Reproduce only the lines below from the line containing "In this tutorial" to the line containing "Welcome to this", exactly as written, with both end lines kept. Omit the pictures.

* * * * *

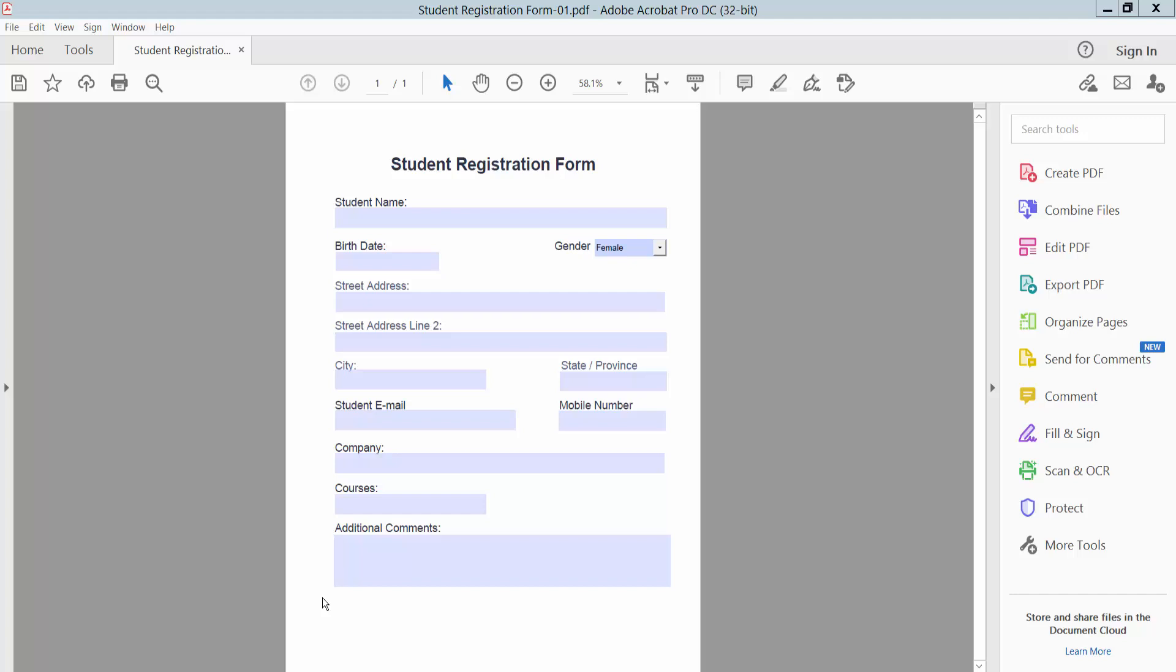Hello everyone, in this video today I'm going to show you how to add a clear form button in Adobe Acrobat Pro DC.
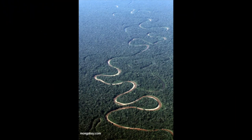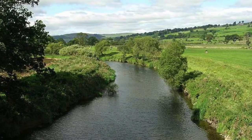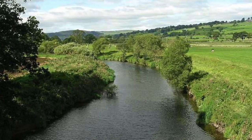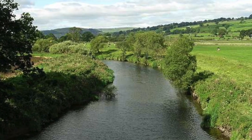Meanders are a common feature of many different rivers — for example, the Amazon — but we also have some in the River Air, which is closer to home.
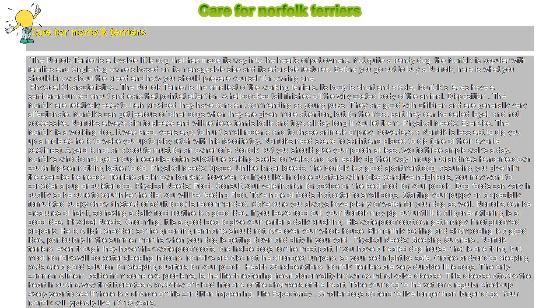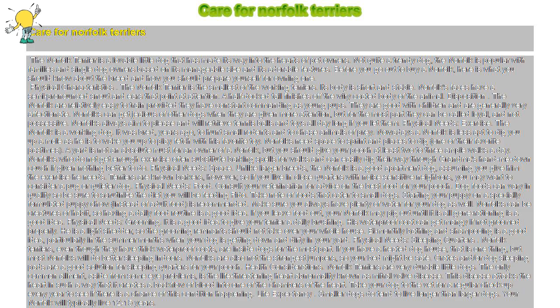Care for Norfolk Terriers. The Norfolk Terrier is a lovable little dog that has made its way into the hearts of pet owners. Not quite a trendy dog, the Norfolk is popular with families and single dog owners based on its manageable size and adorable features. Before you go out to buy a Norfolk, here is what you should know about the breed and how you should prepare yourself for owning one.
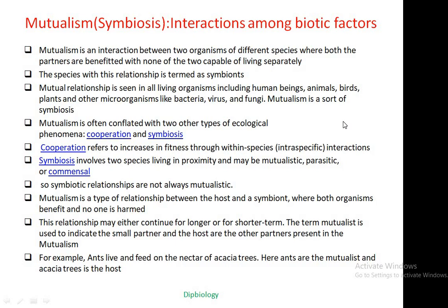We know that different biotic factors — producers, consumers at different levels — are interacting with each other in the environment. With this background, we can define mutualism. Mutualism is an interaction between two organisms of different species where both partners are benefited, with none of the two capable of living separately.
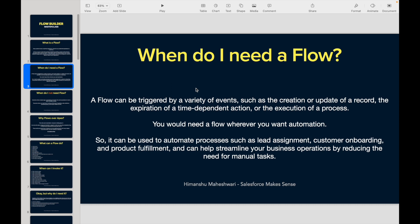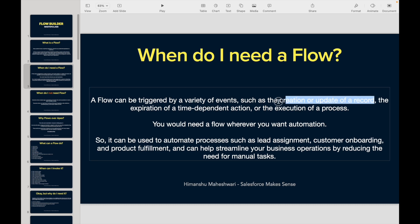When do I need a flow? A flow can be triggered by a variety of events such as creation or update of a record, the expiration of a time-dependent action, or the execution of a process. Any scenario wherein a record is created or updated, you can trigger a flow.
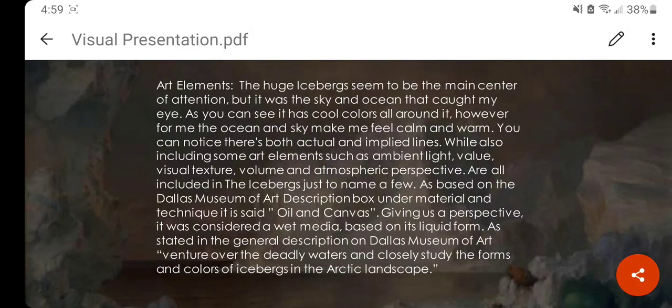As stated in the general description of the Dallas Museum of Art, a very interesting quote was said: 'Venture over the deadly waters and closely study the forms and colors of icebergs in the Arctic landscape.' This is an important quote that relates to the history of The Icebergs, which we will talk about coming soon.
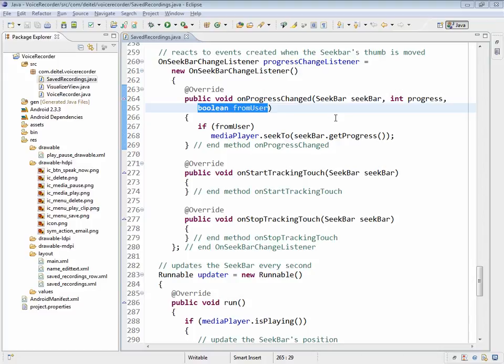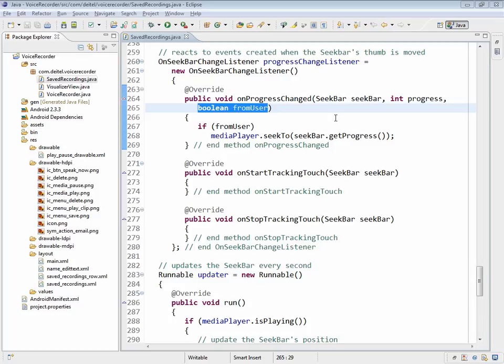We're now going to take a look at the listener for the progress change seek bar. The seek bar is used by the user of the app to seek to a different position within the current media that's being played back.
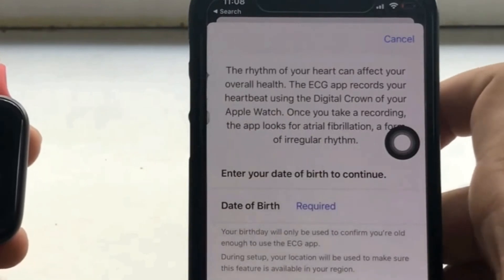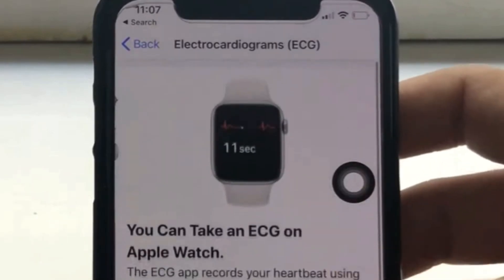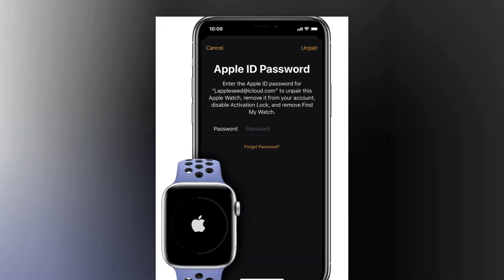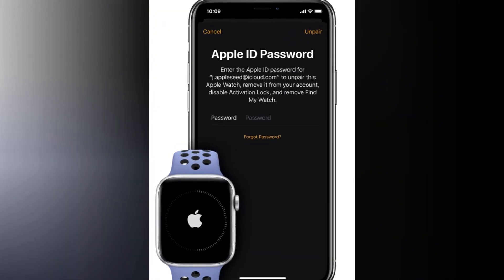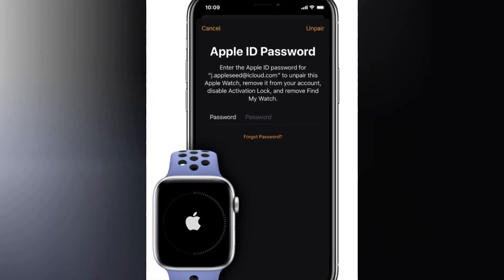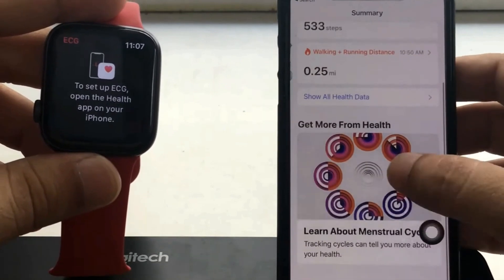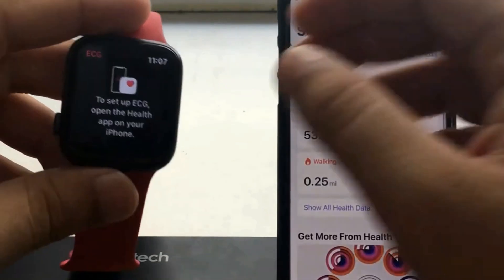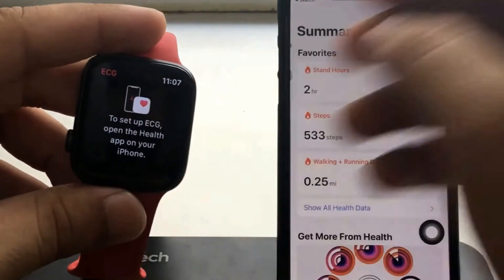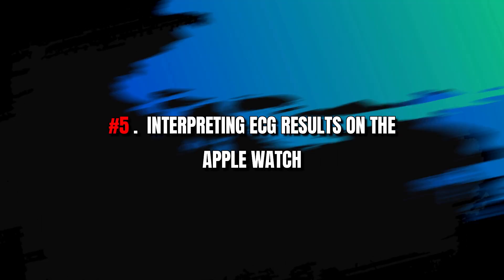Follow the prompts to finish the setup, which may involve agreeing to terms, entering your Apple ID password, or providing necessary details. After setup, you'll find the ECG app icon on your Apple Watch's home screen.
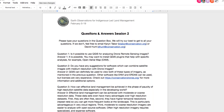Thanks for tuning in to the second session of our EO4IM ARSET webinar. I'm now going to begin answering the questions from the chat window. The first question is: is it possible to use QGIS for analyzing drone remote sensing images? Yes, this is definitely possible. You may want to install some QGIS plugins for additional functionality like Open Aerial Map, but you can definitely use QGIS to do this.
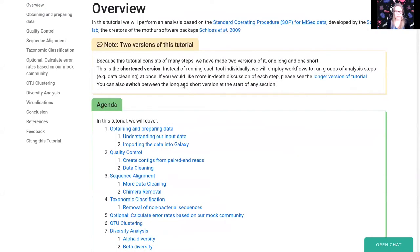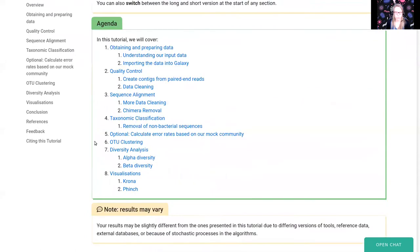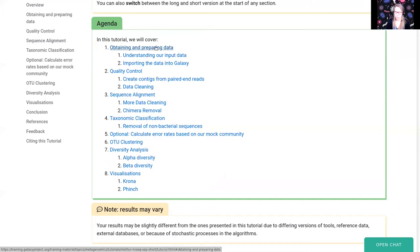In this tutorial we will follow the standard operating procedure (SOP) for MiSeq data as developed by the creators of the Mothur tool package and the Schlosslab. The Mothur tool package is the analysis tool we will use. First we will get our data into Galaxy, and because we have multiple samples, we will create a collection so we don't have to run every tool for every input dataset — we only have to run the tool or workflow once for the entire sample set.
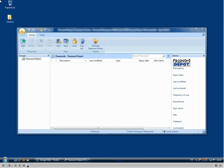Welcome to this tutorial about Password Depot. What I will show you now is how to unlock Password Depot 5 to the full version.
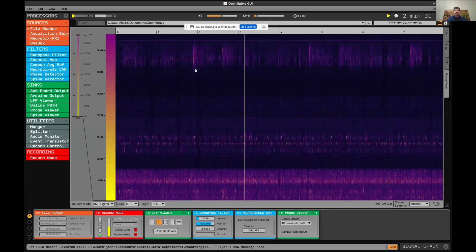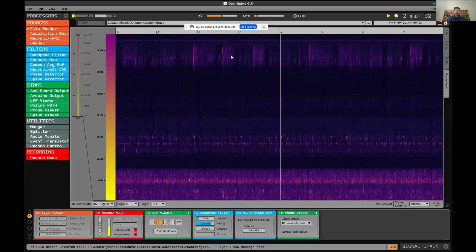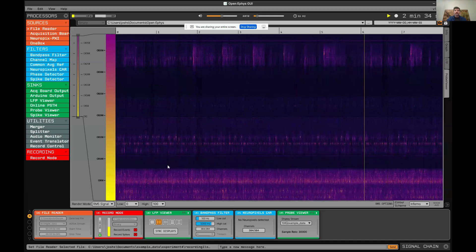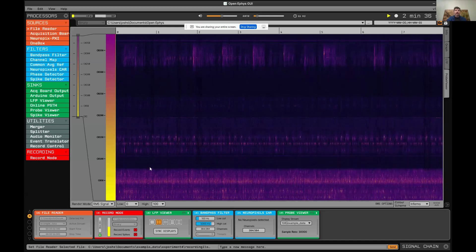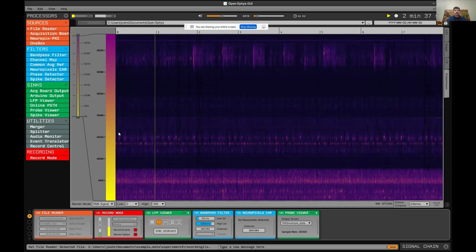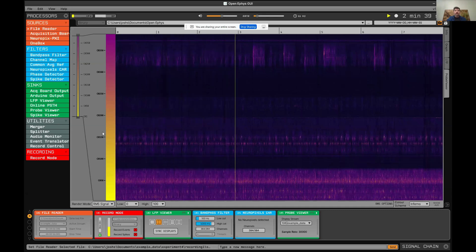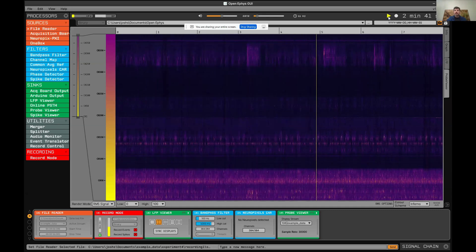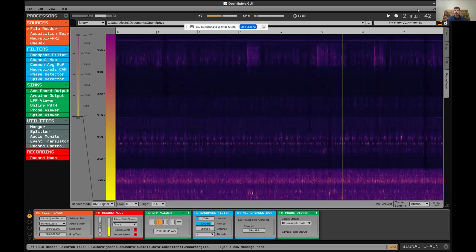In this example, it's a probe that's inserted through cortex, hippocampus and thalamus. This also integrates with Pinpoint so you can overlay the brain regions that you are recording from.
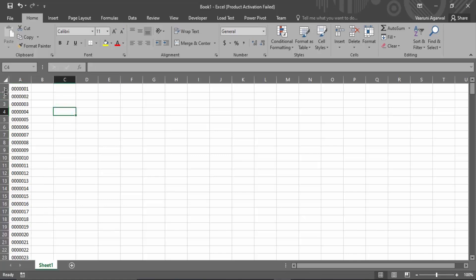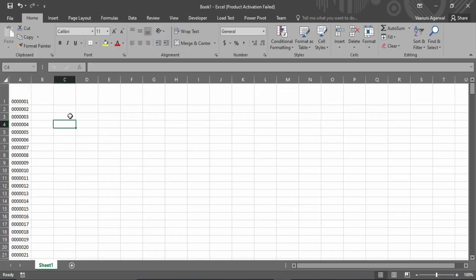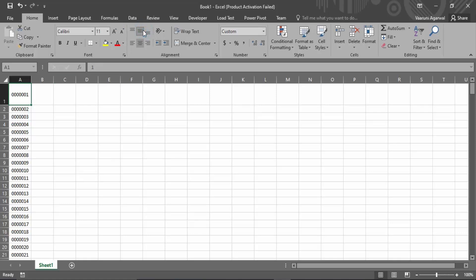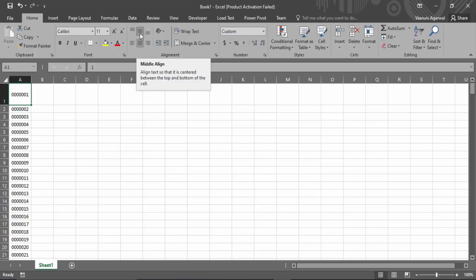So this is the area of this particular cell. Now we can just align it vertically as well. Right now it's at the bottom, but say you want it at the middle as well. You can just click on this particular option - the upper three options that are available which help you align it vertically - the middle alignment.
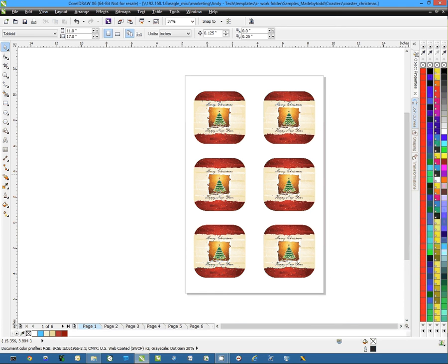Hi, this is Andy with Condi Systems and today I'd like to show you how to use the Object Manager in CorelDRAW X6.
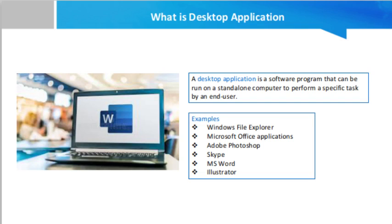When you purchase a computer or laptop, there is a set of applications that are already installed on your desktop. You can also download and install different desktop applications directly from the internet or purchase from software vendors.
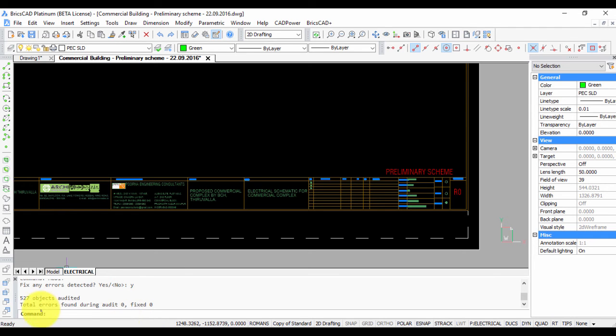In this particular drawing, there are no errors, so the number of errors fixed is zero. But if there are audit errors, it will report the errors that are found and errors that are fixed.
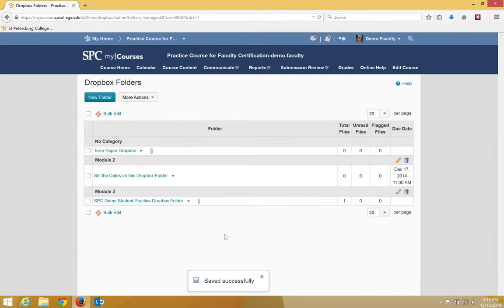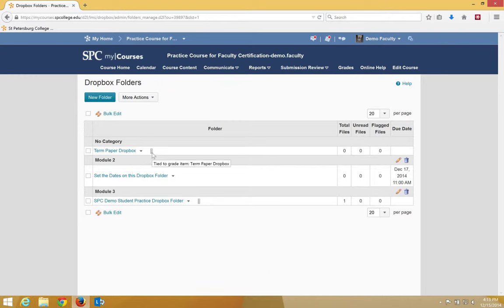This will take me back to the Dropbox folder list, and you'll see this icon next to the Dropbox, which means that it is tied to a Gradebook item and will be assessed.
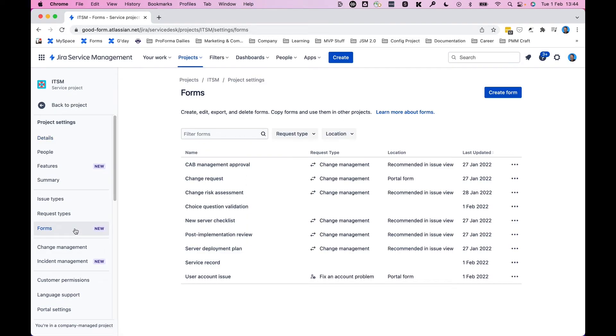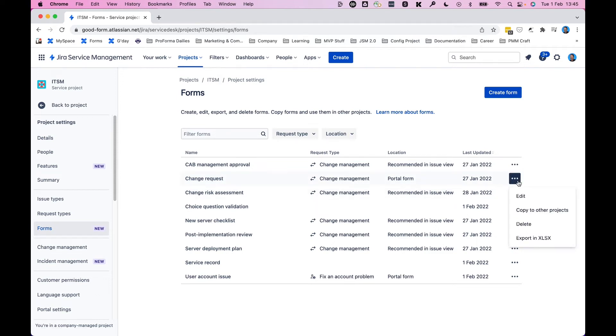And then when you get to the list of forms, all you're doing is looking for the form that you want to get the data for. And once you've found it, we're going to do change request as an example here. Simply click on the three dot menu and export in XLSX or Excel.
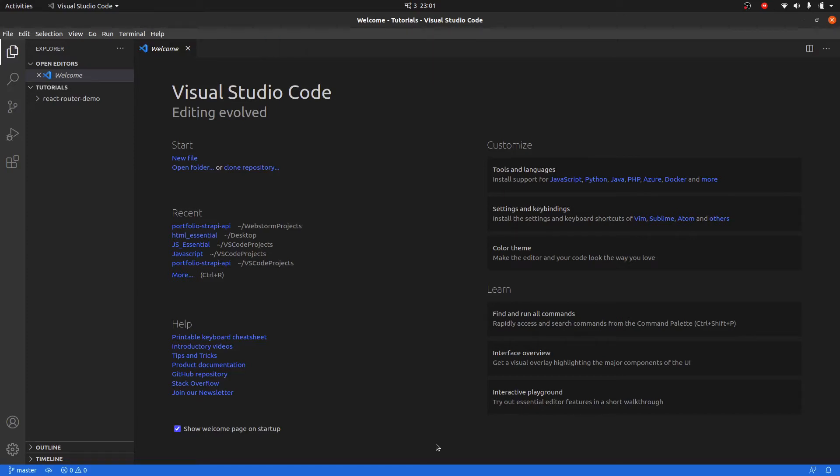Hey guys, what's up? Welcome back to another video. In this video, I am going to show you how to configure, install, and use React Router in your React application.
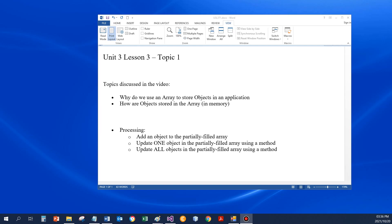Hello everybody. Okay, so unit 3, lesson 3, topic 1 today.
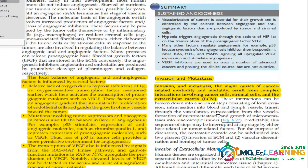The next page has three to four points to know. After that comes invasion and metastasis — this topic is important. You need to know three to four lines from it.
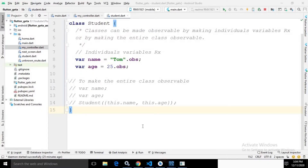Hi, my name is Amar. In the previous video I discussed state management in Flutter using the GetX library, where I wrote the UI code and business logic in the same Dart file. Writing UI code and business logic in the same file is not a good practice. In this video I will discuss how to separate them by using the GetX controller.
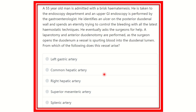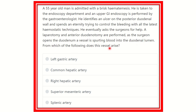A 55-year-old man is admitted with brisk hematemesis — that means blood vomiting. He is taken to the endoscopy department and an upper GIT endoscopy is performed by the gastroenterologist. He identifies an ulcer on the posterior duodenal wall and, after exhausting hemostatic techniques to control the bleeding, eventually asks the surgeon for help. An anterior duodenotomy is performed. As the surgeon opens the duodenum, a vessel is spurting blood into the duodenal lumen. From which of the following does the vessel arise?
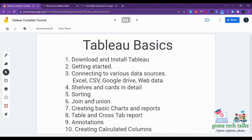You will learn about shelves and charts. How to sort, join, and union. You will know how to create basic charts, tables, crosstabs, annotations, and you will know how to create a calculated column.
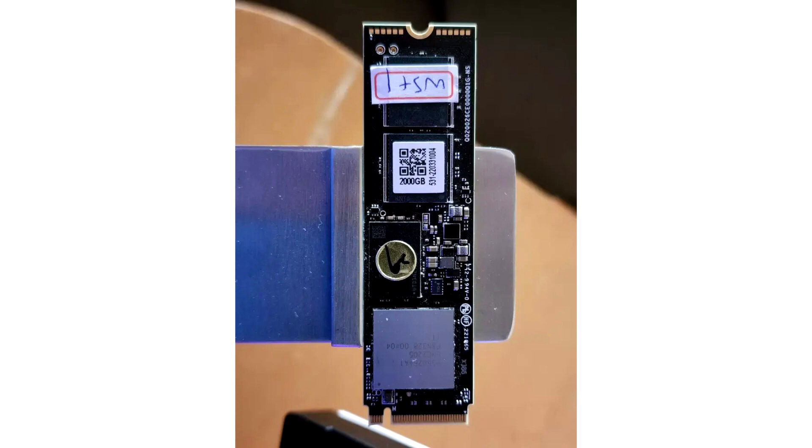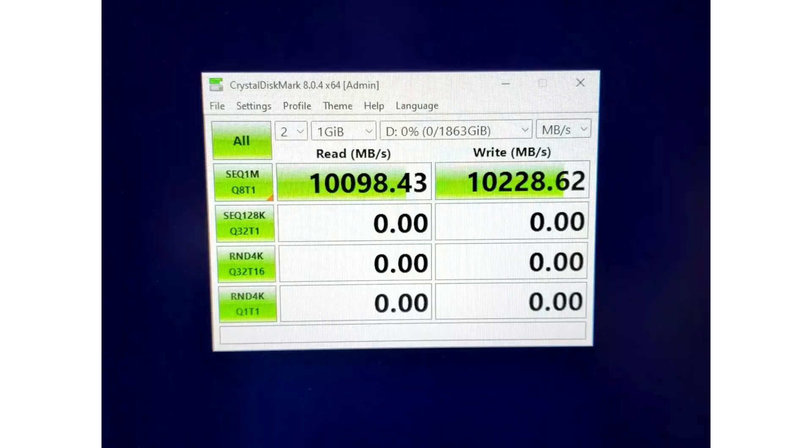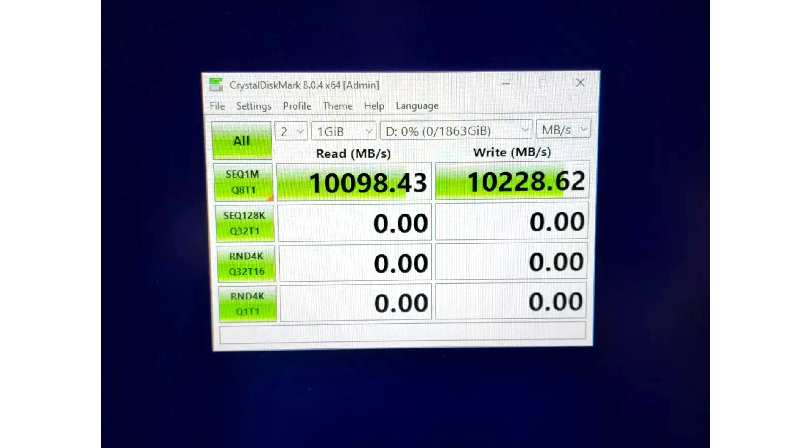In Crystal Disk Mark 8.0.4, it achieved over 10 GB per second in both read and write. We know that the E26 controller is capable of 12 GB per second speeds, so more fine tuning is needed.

* * * * *

> **Exercise solution**:
In this tutorial we will follow the standard operating procedure (SOP) for MiSeq data as developed by the creators of the Mothur tool package and the Schlosslab. The Mothur tool package is the analysis tool we will use. First we will get our data into Galaxy, and because we have multiple samples, we will create a collection so we don't have to run every tool for every input dataset — we only have to run the tool or workflow once for the entire sample set.
Welcome to this tutorial about Password Depot. What I will show you now is how to unlock Password Depot 5 to the full version.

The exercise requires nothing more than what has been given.